Антон Кротков - Воздушный штрафбат
Прогуливающейся походкой Артур пересек яблоневый сад, оставшийся еще от бывшего имения коннозаводчика Зимина; подошел к двум длинным рвам. Тут же стоял экскаватор «Комсомолец», который эти ямы вырыл днем и должен будет зарыть, доверху заполненные трупами, своим бульдозерным ножом после окончания «операции». К Артуру слегка пошатываясь подошел неопрятного вида мужик с щетинистым опухшим лицом — экскаваторщик. От него за версту несло водочным перегаром.
Чтобы занять себя чем-нибудь, проверяющий задал попавшемуся под руку местному сотруднику первый пришедший ему на ум вопрос:
— Каковы параметры рва?
В мутных глазах экскаваторщика появилось что-то напоминающее мыслительную деятельность:
— Э… так как положено: три метра глубина, четыре — ширина.
— А длина? — строго поинтересовался Артур.
Экскаваторщик опешил. Сняв с головы кепку, он озадаченно поскреб пятерней плешивый затылок.
— Так мне начальник по обычной норме приказал копать.
— Это сколько, «по обычной»? — зло передразнил работягу Тюхис. Он затеял этот разговор от скуки, ища хоть какого-нибудь развлечения. И чем больше наседал на экскаваторщика, тем быстрее тот трезвел и выглядел испуганным. Молодой чекист знал, что дом этого забулдыги стоит прямо на полигоне — внутри обнесенного колючей проволокой периметра. От кого-то Артур слышал, что в соседних деревнях его зовут «Федька-палач». Хотя он и не нажимал на спусковой крючок, но, регулярно засыпая землей расстрельные рвы, экскаваторщик, конечно, попривык к виду смерти и был ее полноправным соучастником. И как никто другой должен был знать, как легко очутиться в яме с пулей в голове…

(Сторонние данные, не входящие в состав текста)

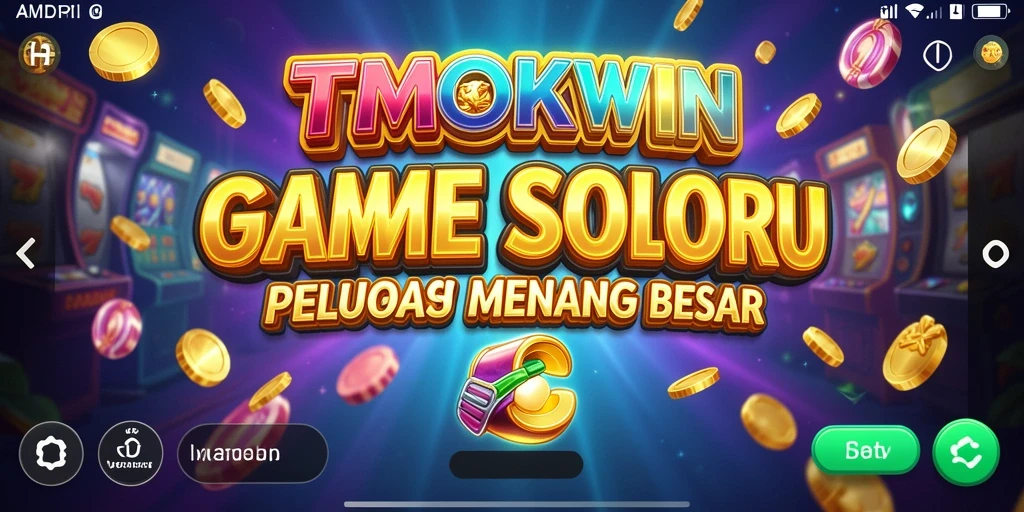 Tampilan gameplay menarik dari TMOKWIN dengan efek visual yang memukau.
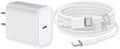 USB C iPad Fast Charger,2018-2026 iPad Charger Fast Charger Wall Block with 3FT USB C to C Cable Cord for iPad Pro M5/M4/13/12.9/11,iPad Air M4/M3/M2/4th/5th Gen,Mini 6th/A17 Pro,iPad 10/A16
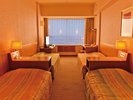 最大4名様で宿泊が可能なファミリールーム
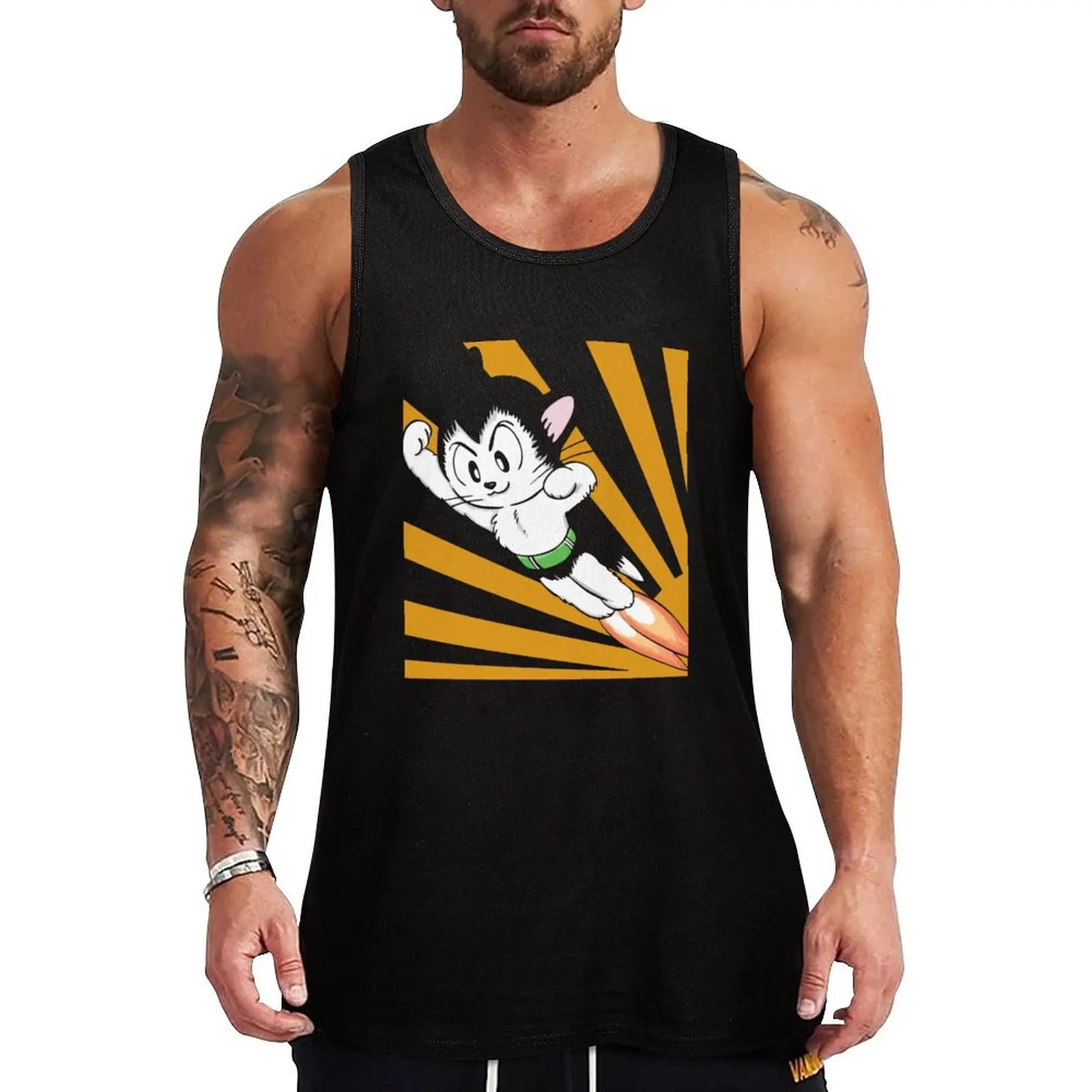 

Of Astro Boy City Tank Top t-shirt for man gym shirt man man sexycostume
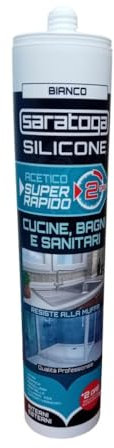 Silicone bianco ml.280 rapido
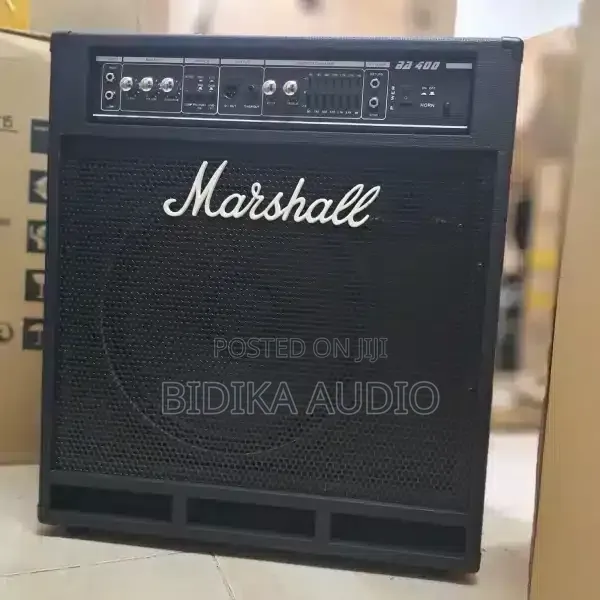 Marshall Ba400 Bass Guitar Combo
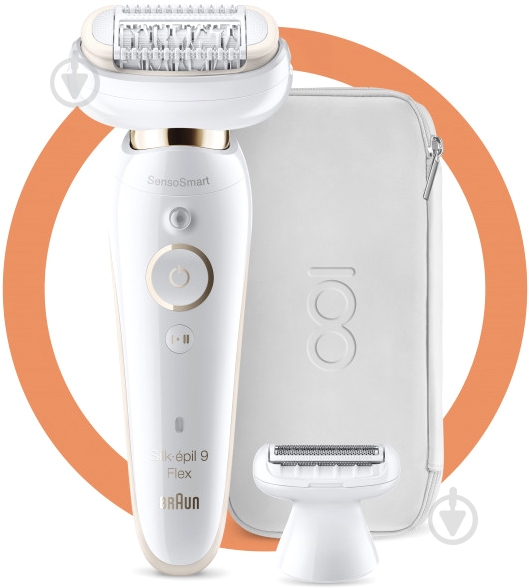 Электробритва Braun Silk epil 9 MBSES9F MaxBraun - фото 3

Между тем окончательно стемнело. Немного поиграв с рабочим, Артур направился к бытовке расстрельной команды. Тюхис шел не спеша, стараясь не угодить в провалы старых рвов, чтобы не споткнуться. Но вот из-за облаков вышла луна. В ее синем свете Артур вдруг увидел вдали между деревьями женскую фигуру в светлой кофточке или блузке. Похоже, она была из той партии заключенных, которую он сегодня привез из тюрьмы. Женщина металась, словно испуганная лань, ища выхода из страшного леса. Остановившись, Артур некоторое время наблюдал за той, что, обезумев от ужаса, исполняла странный танец, похожий на зловещую пляску смерти. Убежать отсюда было невозможно. Поэтому беглянку никто не преследовал. Зачем? Все равно она не могла выбраться из зоны и должна была остаться здесь навсегда…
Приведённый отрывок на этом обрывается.